The Supreme Court, it bears adding, has rejected self-incrimination arguments that put defendants to more difficult choices than the ones Alsante faced. McGautha addressed an Ohio trial procedure that required the jury to “determine[ ] guilt and punishment after a single trial and in a single verdict.” 402 U.S. at 185. The capital defendant argued that “the desire to address the jury on punishment unduly encourage[d] waiver of [his] privilege to remain silent on the issue of guilt.” Id. at 213. The Court acknowledged that the single-verdict procedure placed pressure on capital defendants to take the stand. Id. at 214-15. But the procedure still did not violate the guarantee because it did not compel defendants to testify against themselves. Id. at 217, 220. The same was true in Brady v. United States, 397 U.S. 742, 750-51 (1970), which rejected a similar claim when the government, through plea bargaining, encouraged a defendant to plead guilty in exchange for a lighter sentence. So also in Baxter v. Palmigiano, 425 U.S. 308, 313, 317-18 (1976), which held that prisoners were not compelled to testify during a prison disciplinary proceeding even when the disciplinary board could hold their silence against them in imposing sanctions. Ditto for Ohio Adult Parole Authority v. Woodard, 523 U.S. 272, 285-88 (1998), which decided that death-row inmates were not compelled to speak during clemency interviews even when the interviewers could draw adverse inferences from an inmate’s silence. And for McKune v. Lile, 536 U.S. 24, 30-31, 41-45 (2002) (plurality opinion), which approved a procedure that denied incarcerated sex offenders “visitation rights, earnings, work opportunities,” and other privileges for failing to participate in a treatment program that required them to disclose information about past crimes.
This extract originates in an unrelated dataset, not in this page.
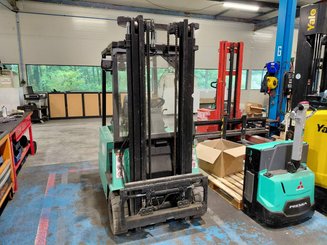 Четырехопорные погрузчики Yale ERP16RCF - 1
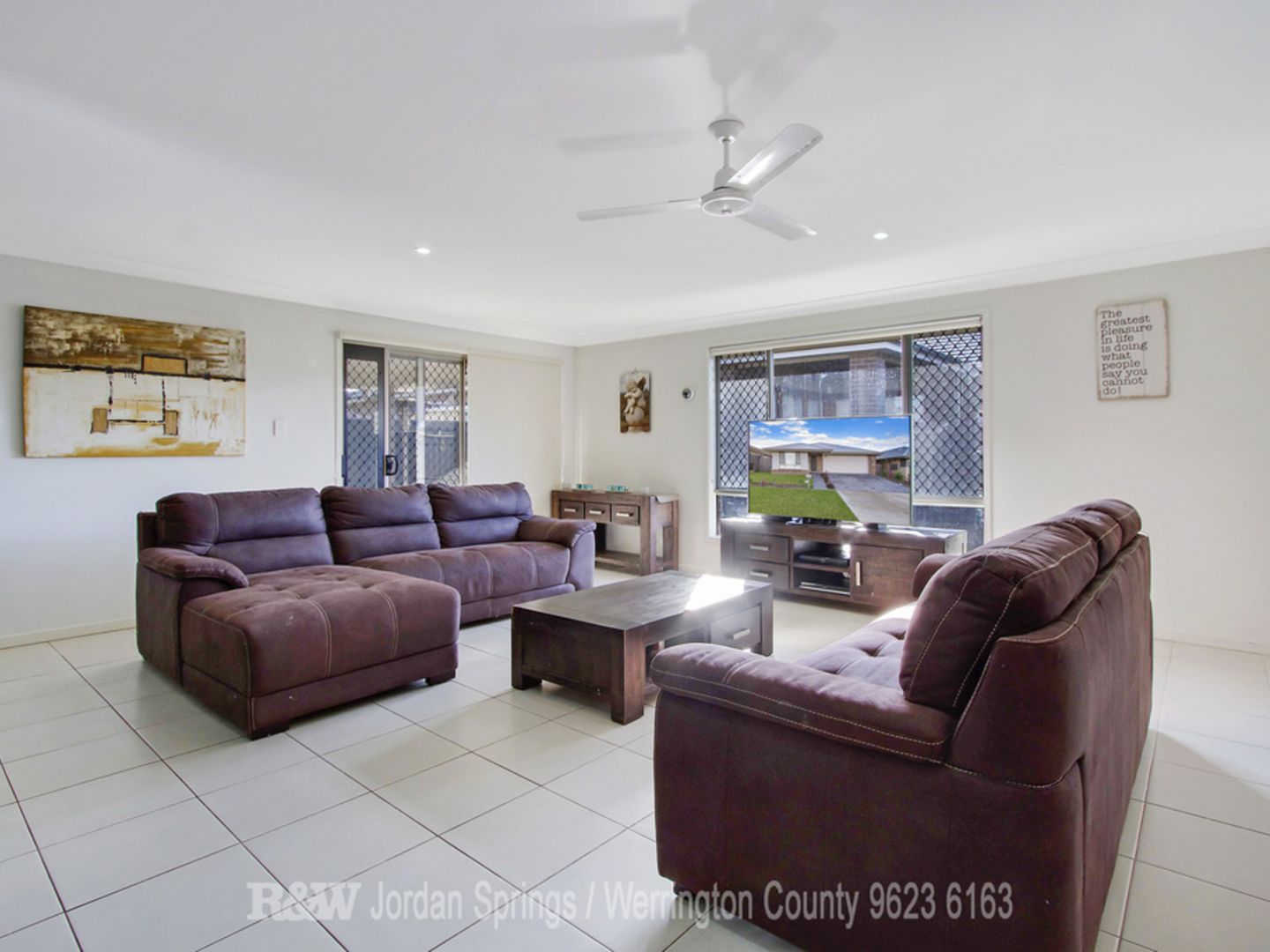 35 Greenwood Parkway, Jordan Springs NSW 2747, Image 2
Our court undertook a comparable analysis when considering an individual who faced parole revocation proceedings and state law criminal charges related to the same conduct. Lynott v. Story, 929 F.2d 228, 230-32 (1991). Like Alsante, the parolee could remain silent during the federal proceedings and risk revocation, or he could testify and risk incriminating himself on the state charges. Id. at 230. But we found no Fifth Amendment violation, holding that the parolee was not compelled to testify against himself. Id. at 230-32; see also Ryan v. Montana, 580 F.2d 988, 990-91 (9th Cir. 1978).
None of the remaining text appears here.